Un’ultima cosa, soprattutto per chi, come me, c’era, per chi ha vissuto l’87 e poi, soprattutto, il ’90. Ricordate? Dopo, Napoli si fermò. Restò come imprigionata in quel momento irripetibile. Di lì a poco, poco dopo l’1a 0 alla Lazio che ci laureò Campioni d’Italia per la seconda volta, sarebbero venuti i fischi dell’Olimpico all’inno argentino, l’“hijos da puta” urlato da Diego in mondovisione e la squalifica per doping che nel campionato successivo si ricordarono improvvisamente di comminare al Nostro Eterno Eroe, quei frevaioli alla Matarrese con gli avevano perdonato la vittoria dell’Argentina sull’Italia in semifinale. E poi… e poi, una brutta mattina di aprile, Diego prese Claudia, Dalma e Gianina e scomparve dal nostro lunghissimo sogno. E poi Napoli si sveglio senza di lui, orfana del Soprannaturale. E poi per anni e anni finimmo seppelliti dalla mestizia: la crisi dei rifiuti, la crisi economica del post tangentopoli che noi a Napoli pagammo di più perché la politica capace fin lì di “occultare” con l’assistenzialismo le crisi precedenti era stata rasa al suolo.
E quindi la fuga di tanti giovani brillanti andati a trovare fortuna in altre città e in altri Paesi. E oggi chiunque abbia assistito all’epopea del secondo scudetto e fa il conto degli amici di allora rimasti a vivere a Napoli, vede che sono due, al massimo tre ogni dieci, non di più.

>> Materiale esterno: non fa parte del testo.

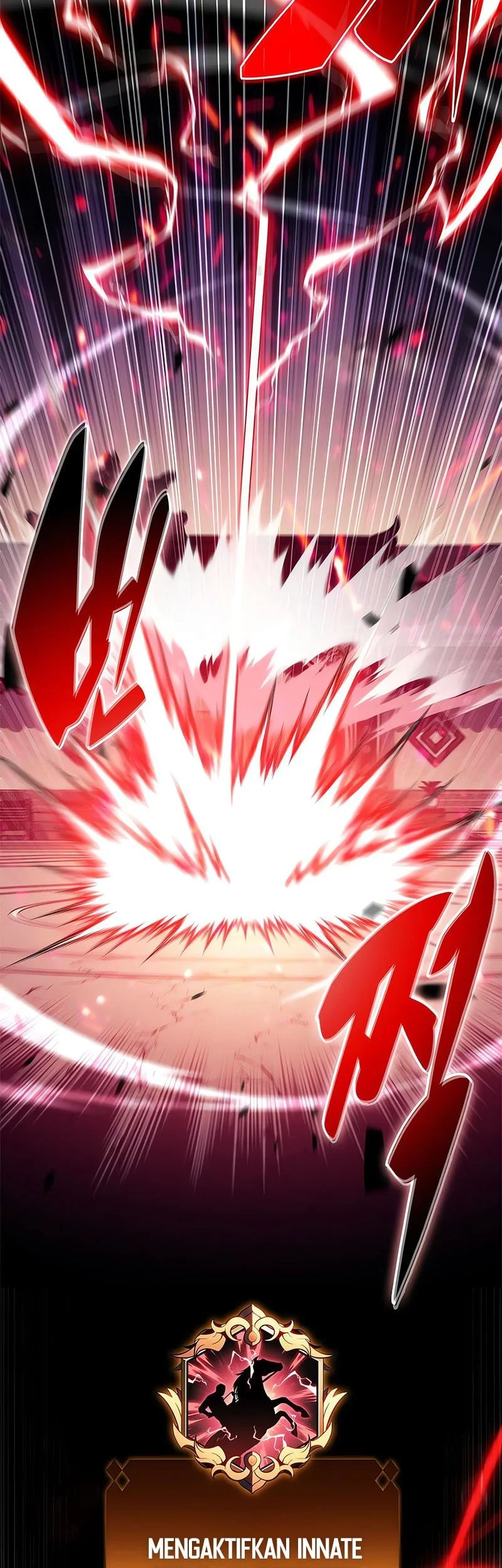 Solo Max-Level Newbie Chapter 246 Gambar 19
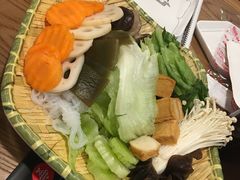 -鱼酷活鱼烤鱼(梅江印象城店)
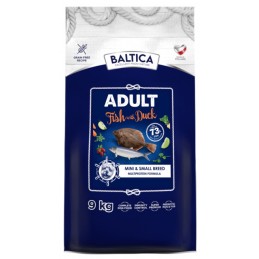 BALTICA EXCELLENT Adult...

Ecco: è come se un piccolo sprazzo di luce filtrasse dalla finestra chiusa sulla nostra storia, e interrompesse la mestizia in cui Napoli è precipitata da allora, da quando Diego ci ha lasciati. Non perché si possa tornare indietro, ma perche forse il nostro terzo scudetto può annunciare una storia nuova: senza assistenzialismi, senza classi dirigenti rapaci, ma con l’umiltà di ripartire da quello che ora siamo. E cioè una città aggrappata al turismo, con tanti limiti ma anche con una energia ancora da liberare. Vediamo se la storia della città si riaccende insieme con quella dei nostri scudetti. E celebriamo il nostro trionfo con l’orgoglio di riscoprire quello che siamo davvero: non una città di falliti che deve odiare e insulare de Laurentiis per non fare i conti con se stessa ma una Napoli che si ricorda di saper vincere, di non aver mai smesso di saper vincere.